Trump et l’Iran : trois options militaires sur la table des décisions
Les signes d’une possible escalade de la confrontation entre les États-Unis et l’Iran se multiplient, alors que des informations médiatiques indiquent que l’administration du président américain Donald Trump examine une série d’options militaires à l’encontre de Téhéran.
Ces options vont d’opérations spéciales limitées à des frappes aériennes de grande envergure, jusqu’à une action militaire conjointe avec Israël, selon le quotidien britannique The Sun, qui souligne la montée en puissance du discours américain, malgré des déclarations officielles réaffirmant l’ouverture à la voie diplomatique.
Trois scénarios
D’après des sources bien informées citées par des médias américains, le président Trump aurait placé sur la table trois principaux scénarios militaires.
La première option consisterait à mener un raid audacieux des forces spéciales américaines visant des sites sensibles du programme iranien d’enrichissement de l’uranium, dans le but de neutraliser toute capacité potentielle de production d’armes nucléaires, y compris des installations qui auraient échappé à des frappes antérieures menées lors de précédentes périodes de tension.
La deuxième option impliquerait le lancement d’une série de frappes aériennes intensives et ciblées contre des dirigeants militaires et politiques de haut rang en Iran, afin de paralyser les centres de décision et d’ébranler la structure du régime en place, ce qui pourrait ouvrir la voie à un changement politique d’envergure. Ce scénario est considéré comme le plus escalatoire, notamment en raison de la possibilité de viser la capitale Téhéran et des centres de pouvoir proches du guide suprême, Ali Khamenei.
La troisième option, fortement soutenue par Israël, prévoit l’implication des États-Unis dans des frappes conjointes visant le programme de missiles balistiques iranien, perçu par Tel-Aviv comme une menace existentielle directe, en particulier à la lumière d’évaluations du renseignement indiquant que l’Iran a reconstruit une grande partie de ses capacités balistiques après les dégâts subis lors d’affrontements précédents.
Renforcement militaire et messages de dissuasion
Ces discussions s’inscrivent dans un contexte d’escalade manifeste sur le terrain, les États-Unis ayant renforcé leur présence militaire dans la région du Golfe et déployé un groupe aéronaval conduit par le porte-avions USS Abraham Lincoln, suscitant des craintes d’un glissement vers une confrontation ouverte.
Parallèlement, un avion de reconnaissance américain spécialisé dans la détection de particules radioactives, connu sous le nom de WC-135R Constant Phoenix, a atterri sur la base de Mildenhall de la Royal Air Force britannique, un geste interprété comme une préparation à d’éventuels développements non conventionnels.

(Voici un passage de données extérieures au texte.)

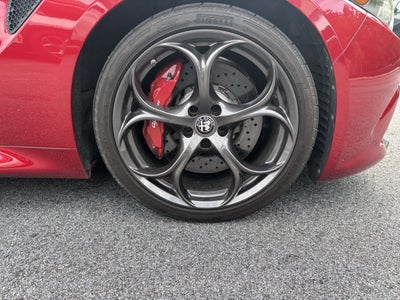 2023 Alfa Romeo Giulia Quadrifoglio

De son côté, Téhéran a annoncé que ses forces étaient placées en état d’alerte maximale, avertissant que toute « erreur » américaine mettrait en péril la sécurité des États-Unis, de leurs alliés et de l’ensemble de la région. Le commandant de l’armée iranienne, Amir Hatami, a déclaré que la riposte iranienne serait globale si la confrontation devait évoluer vers une action militaire directe.
Conditions strictes
Bien que la Maison-Blanche affirme que Washington privilégie toujours une solution diplomatique, l’administration américaine a fixé une série de conditions préalables à toute négociation éventuelle. Celles-ci incluent l’abandon total et définitif par l’Iran de tout programme visant à se doter d’armes nucléaires, l’arrêt complet des activités d’enrichissement de l’uranium et la remise de ses stocks nucléaires, ainsi que l’imposition de restrictions sévères sur le programme de missiles balistiques et leur portée, et la cessation du soutien aux groupes armés alliés dans la région.

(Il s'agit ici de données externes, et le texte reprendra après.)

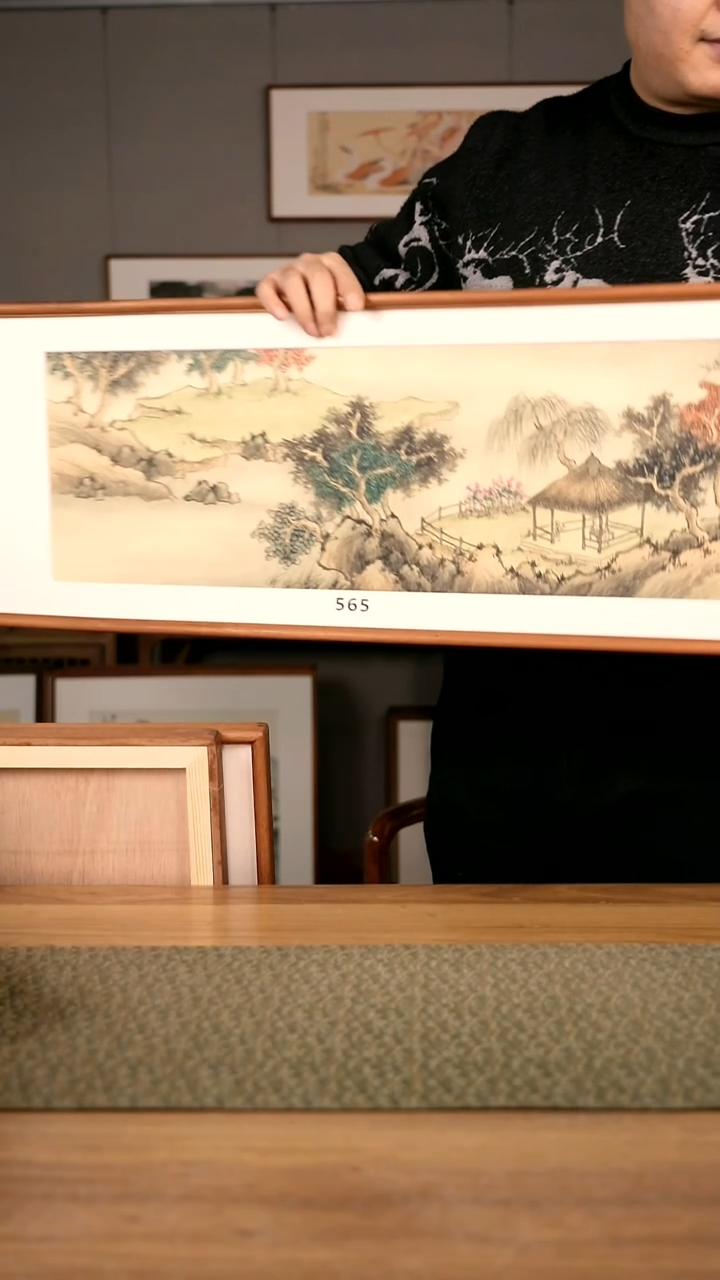 书法协会会员老师作品-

Les exigences américaines comprennent également la fin de ce que Washington qualifie de répression des manifestants en Iran, à la suite de vastes protestations ayant secoué le pays et auxquelles les autorités ont répondu par une campagne sécuritaire sanglante, suscitant des condamnations internationales. Donald Trump a adressé des messages directs à la direction iranienne, l’exhortant à se rendre rapidement à la table des négociations, avertissant que « le temps presse ».
Des responsables américains reconnaissent qu’une opération militaire contre l’Iran serait plus complexe et plus risquée que des scénarios comparables, tels que ceux appliqués au Venezuela, en raison des capacités militaires de l’Iran, de son réseau d’alliés régionaux et de l’enchevêtrement des intérêts internationaux dans la région. Cette perspective alimente de vives inquiétudes quant au risque de voir le Moyen-Orient basculer dans une guerre régionale généralisée, avec de lourdes conséquences pour la stabilité mondiale et la sécurité énergétique.